The Federal Communications Commission on Thursday approved Nexstar’s bid to acquire rival TV station owner Tegna in a $6.2 billion deal. The deal will make the new entity the largest operator of local television stations in the country, according to NBC News, and the FCC waived a rule that forbids a single company from owning TV stations that reach more than 39% of U.S. households. The operator will now cover TV stations that reach 60% of American households.
“The D.C. Circuit has already determined that the relevant media ownership regulation is an agency rule, not a firm statutory limit, and the full Commission has reached the same determination on multiple occasions,” FCC Chair Brendan Carr said in a statement. “Waiving that rule here is consistent with longstanding FCC authorities and doing so promotes the underlying purpose of the FCC’s media regulations by promoting competition, localism, and diversity.”
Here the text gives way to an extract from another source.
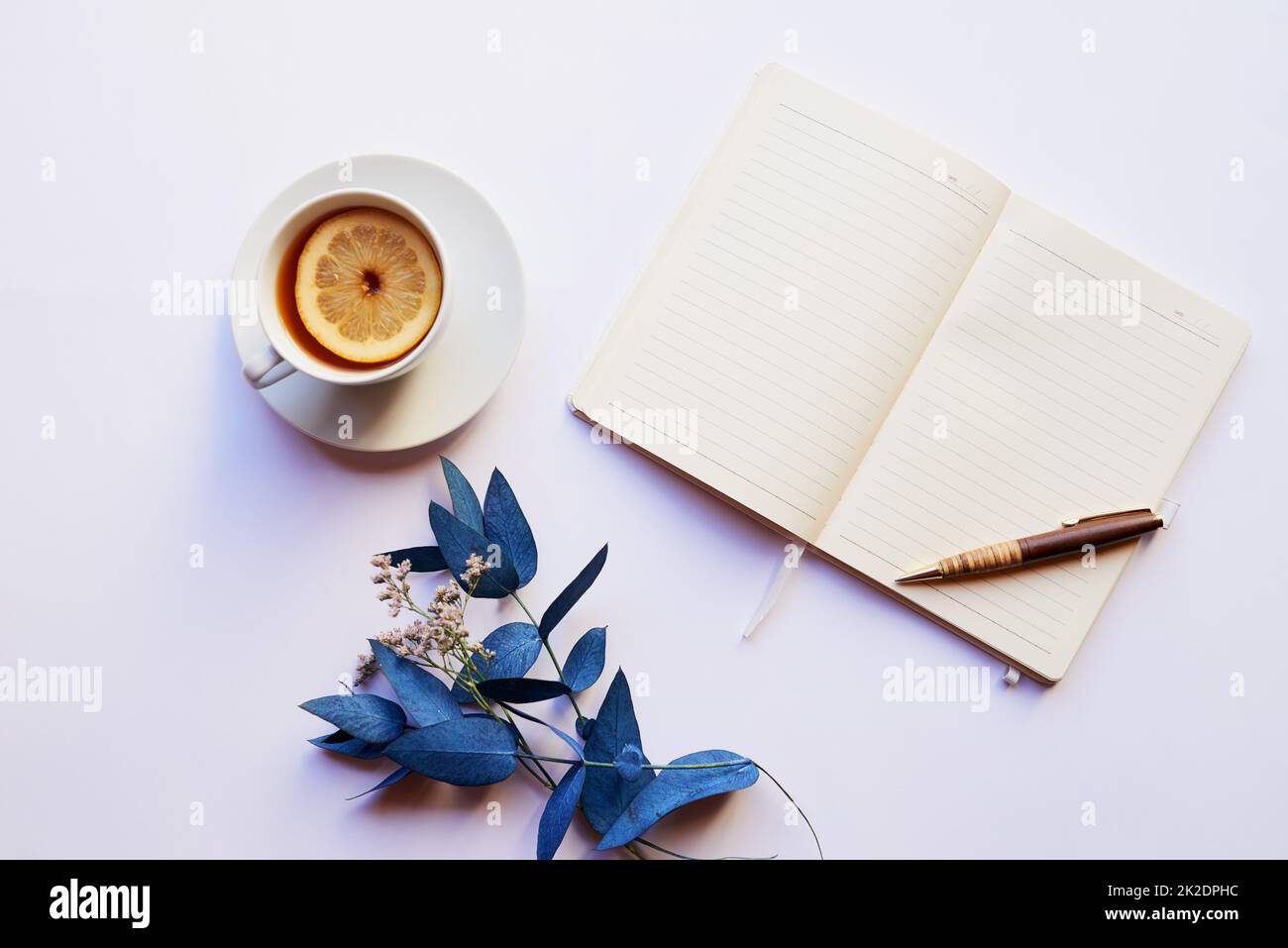 L'ambiente perfetto per tutte le tue idee creative. Foto di studio di un diario e penna posizionati con altri oggetti di vita fissa su uno sfondo grigio. Foto Stock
The FCC lauded the merger as a victory for local journalism and a counter to legacy media outlets.
“The FCC has been focused on empowering broadcast TV stations to serve their local communities, consistent with their public interest obligations,” Carr said. “Today’s agency decision does exactly that as both the record and Nexstar’s enforceable commitments demonstrate.
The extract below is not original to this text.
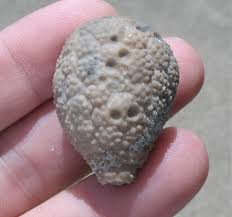 Attēlu rezultāti vaicājumam “Trechispora mollusca”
“For too long, the FCC stood by while newspapers closed by the dozen in communities all across the country,” he continued. “Those trusted sources of local news and information shuttered while the FCC dithered. If you care about local news, you should care about the future of local broadcast TV stations.
“By approving this transaction, which allows Nexstar to own less than 15% of television stations, the FCC acts mindful of the media marketplace that exists today—not the one from decades past—and the agency ensures that these broadcasters have the resources to continue investing in their local news operations,” he added.
The FCC’s approval comes less than 24 hours after California, New York and six other Democratic states sued to stop the merger, arguing it violates federal antitrust laws.